Prof. Intriligator is part of a small, but vocal, minority that refuses to jump on the recovery bandwagon.

The problem starts with the jobs market. The recession has blown a large hole in the U.S. labour market - 7.2 million jobs lost so far - that could take years to repair.

Economist Heidi Shierholz of the Economic Policy Institute in Washington, D.C., estimates it would take two years of stellar job creation just to get back to pre-recession levels.

Not only must the U.S. restore the 7.2 million "lost" jobs, but it must also create employment for several million more Americans who have joined the labour pool as a result of population growth. She estimated that the U.S. would have to add 581,000 jobs every month for two years - a pace it hasn't matched since the postwar boom of 1950s. The economy shed 11,000 jobs in November. (Data for December are due out Friday.)

Others worry that the nascent recovery will run out of steam when the government cuts off the emergency life support.

Harvard University economics professor Martin Feldstein warned that growth may falter this year because of waning stimulus from federal spending and tax incentives for purchases of homes and autos. "There is a significant risk the economy could run out of steam some time in 2010," said Prof. Feldstein, president emeritus of the NBER.

Another major concern of the pessimists is the state of the lending industry. Former IMF official Simon Johnson, now an economist at MIT's Sloan School of Management, said the U.S. is sowing the seeds of the next crisis by propping up ailing banks and encouraging excessive risk.

By demonstrating to the banks, and to the world, that certain financial institutions are too big to fail, policy makers may actually be making the financial crisis worse.

"The crisis is just beginning," Mr. Johnson said at the Atlanta conference. "Have bankers won? In the short term, absolutely. The immediate opportunity for change has already been missed."

Economist Edward Harrison of Global Macro Advisors has similar concerns. He's worried that policy makers are sending the wrong signals, encouraging excessive debt with unnaturally low interest rates.

Low rates cause businesses and individuals to buy today what they can't afford tomorrow, creating what Mr.
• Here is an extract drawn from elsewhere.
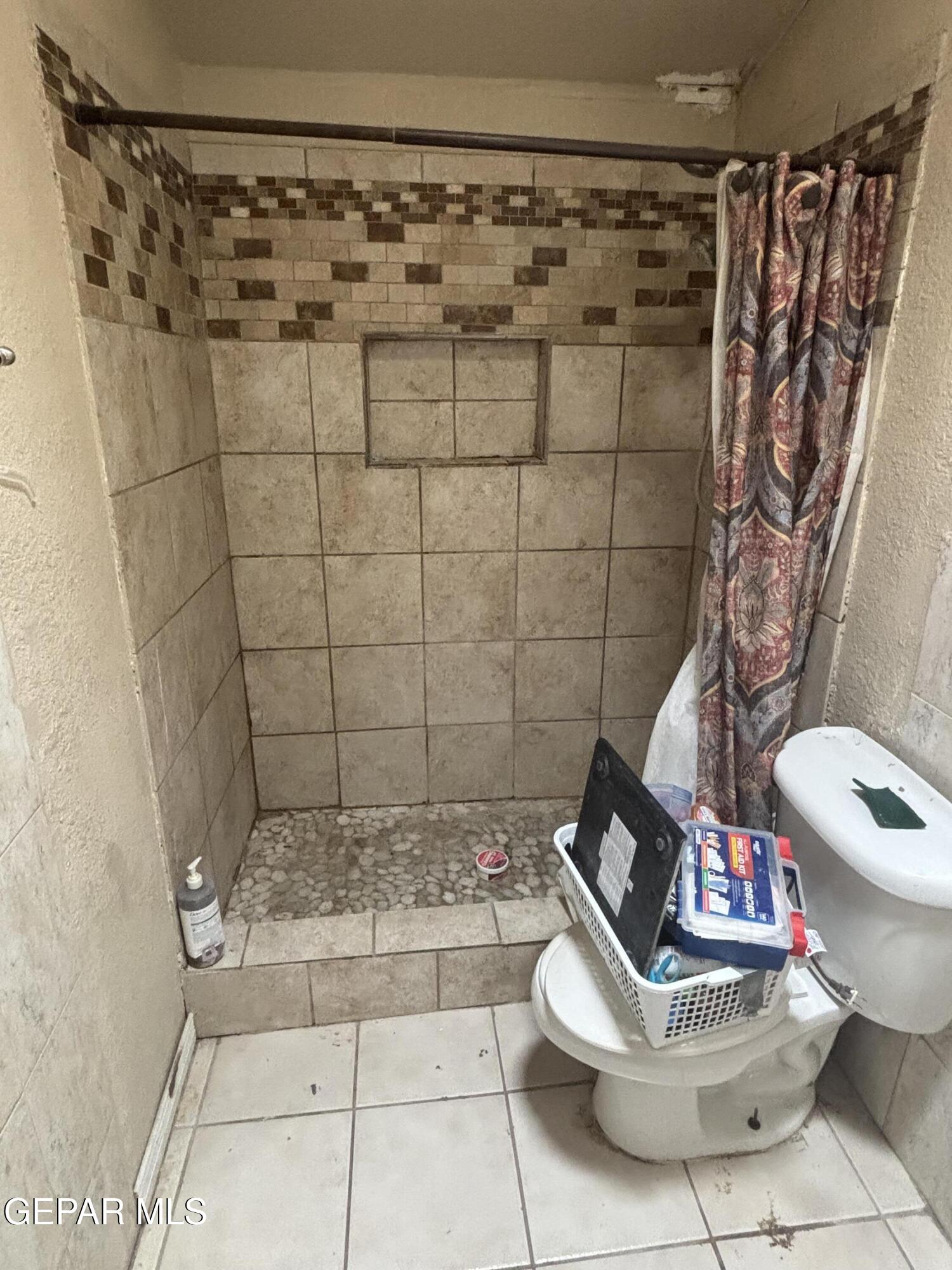 10705 Rhyolite Drive El Paso, TX 79924 - Photo 6 of 10 1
Harrison calls a Ponzi economy.

"We still have zero interest rates, massive amounts of liquidity, manipulation of short-term rates, manipulation of long-term rates, and bailouts galore a full 15 months after Lehman Brothers collapsed," Mr. Harrison wrote on Credit-

Writedowns.com. "This is pure insanity."

A retreat into a second, deep phase of recession seems unlikely. But as you survey the economic landscape of 2010, it's worth taking note of what the naysayers are saying.